A word-for-word copy of the lines below, starting at the line with "Ufficio - Office" and ending at the last one, is what you should give. Omit every picture.

Top of Given material

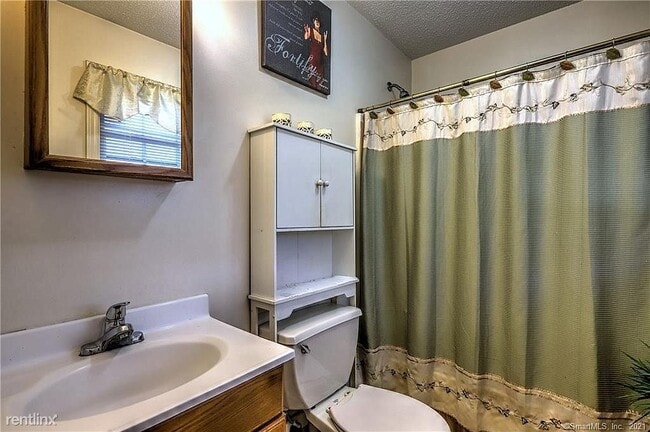 Building Photo - 3 br, 3 bath House - 88 Taylor Ave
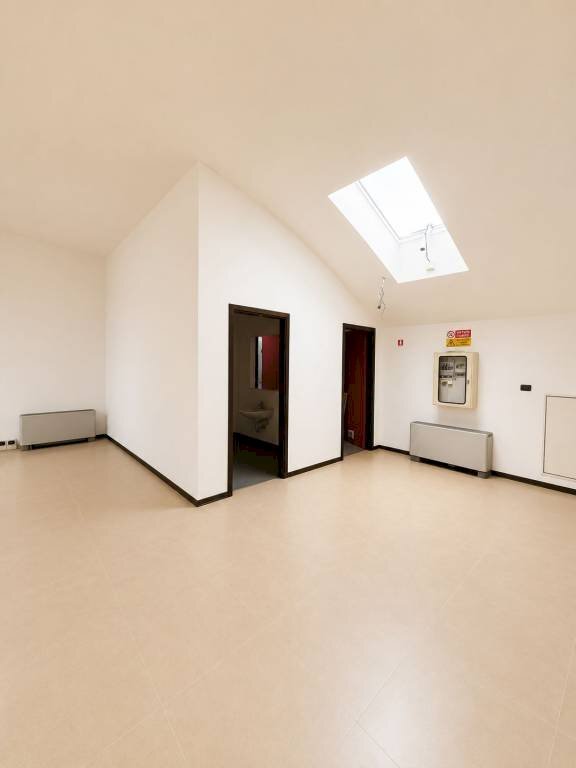Ufficio - Office via Giuseppe Valentini, 30, Prato - photo 2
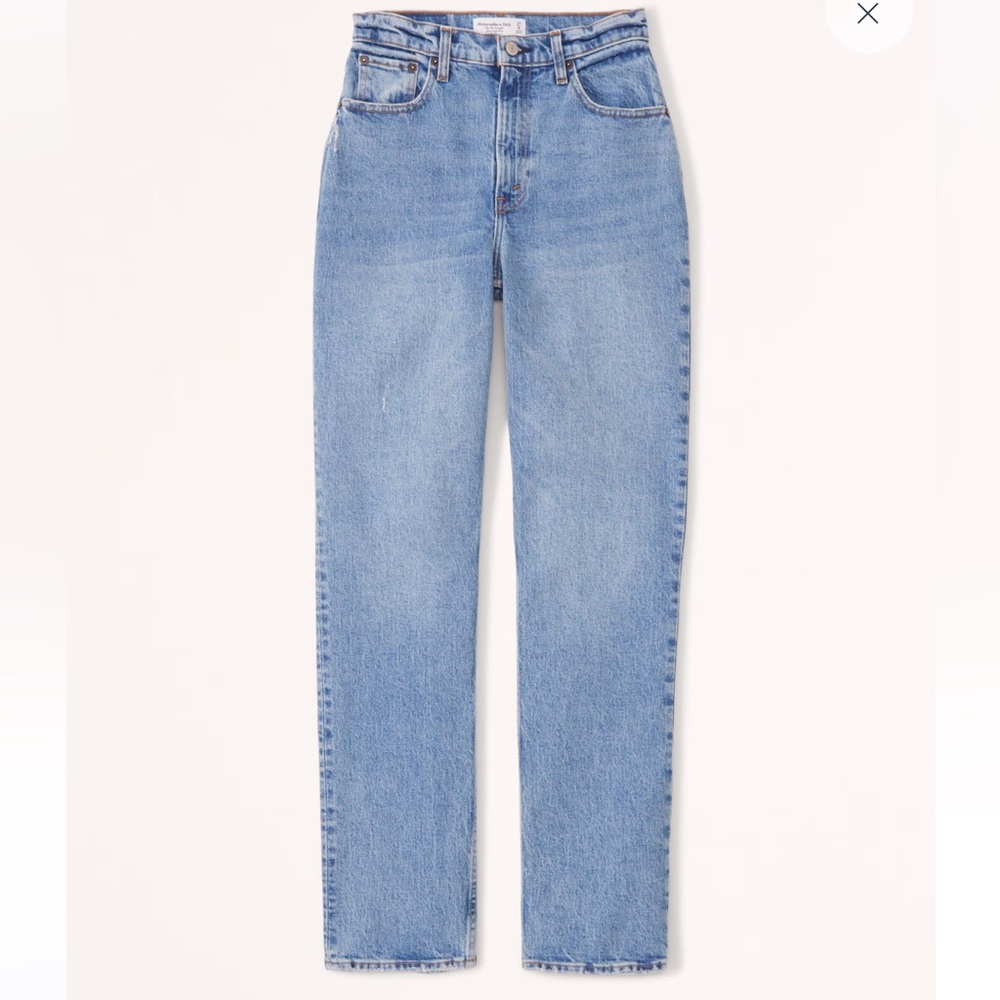 Abercrombie Curve Love Ultra High Rise 90’s Straight Jean- 31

Bottom of Given material

§ **Response to this exercise**:
Ufficio - Office via Giuseppe Valentini, 30, Prato - photo 2
 Abercrombie Curve Love Ultra High Rise 90’s Straight Jean- 31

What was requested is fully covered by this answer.